Yet I use Digital-Age technology to condemn the Digital Age.  Hypocrisy–or good-old-fashioned poetic justice?  I think the latter.  But you decide for yourself.

This Digital-Age technology–it’s like it wasn’t supposed to happen.  It’s like some traveler from the future, from another dimension, or from another solar system or galaxy caused it.  I grew up in the Space Age.  And that was the direction in which technology was moving–toward space exploration.  Then something went wrong.
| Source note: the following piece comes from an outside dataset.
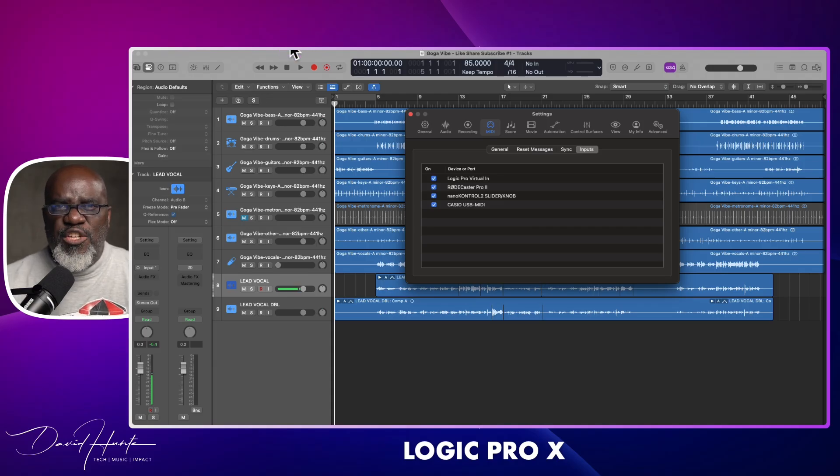You want to make sure your MIDI keyboard is selected as an input device, as we just showed. This tells the software to listen to signals from your keyboard. Once that's done, you can try playing a note or two to see if you hear sound or see signal in your DAW.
One day, in my fourth-grade class, the teacher asked us what we wanted to do when we grew up.  I said I wanted to be a starship captain.  No one laughed–this seemed quite feasible.  Another boy said he’d like to be a trucker.  And the teacher commented that he’d probably be driving an airborne truck–that there would probably be flying cars and trucks by then.  And no one laughed.  This really did seem quite feasible to most adults, as well as children.

Even after the last manned moon landing, the Space Age continued–with the space shuttle program, and eventually an orbiting space station (all this Space-Age technological development despite the costly arms race between the United States and the Soviet Union).

Then NASA scrapped the space shuttle program–so U.S. astronauts would now have to rely on Ultranationalist Vladimir Putin’s Russian regime for transportation to and from the International Space Station.

Yet Space-Age technology wasn’t discontinued so much as it was replaced–by Digital-Age technology.  And a human species looking toward interstellar escape from its crowded, polluted cage found itself even more confined to its crowded, polluted cage–with the added torment of ever-increasing social chaos.  The Space Age, which was to free humanity, was replaced with the Digital Age, which further confined humanity.  Something went wrong–and this was it.

It wasn’t called the Digital Age in the beginning–it was called the Age of Information or the Information Age.  And it wasn’t such a monster, in the beginning either.

My brother Mike spoke favorably of compact discs in the early 1980s.  This was Digital-Age technology.  But compact discs were expensive then–compact disc players far more expensive.  We were fine with records and tapes.

Personal computers, in the late 1970s and 1980s, also used Digital-Age technology.  But I never had one of these–most people didn’t.  We didn’t need these.  We have to have personal computers these days, and this takes the fun out of them.  Before the Internet, we didn’t have to.  So computers were fun, and cool.  And we enjoyed watching movies centering around these fun, cool devices, like Electric Dreams and Wargames.

And we enjoyed playing the new computer games (later called video games)–away from home.  These used Digital-Age technology.  My favorites were Phoenix, Robotron, Time Pilot, Ms. Pac Man, and sometimes Defender.  My brother-in-law Tom introduced me to these games.  And my friend Joseph invited me to go along with him and his family and friends to play them.  We used to go to Chuck E. Cheese’s to play them.  The children would eat the pizza–we teenagers would play video games.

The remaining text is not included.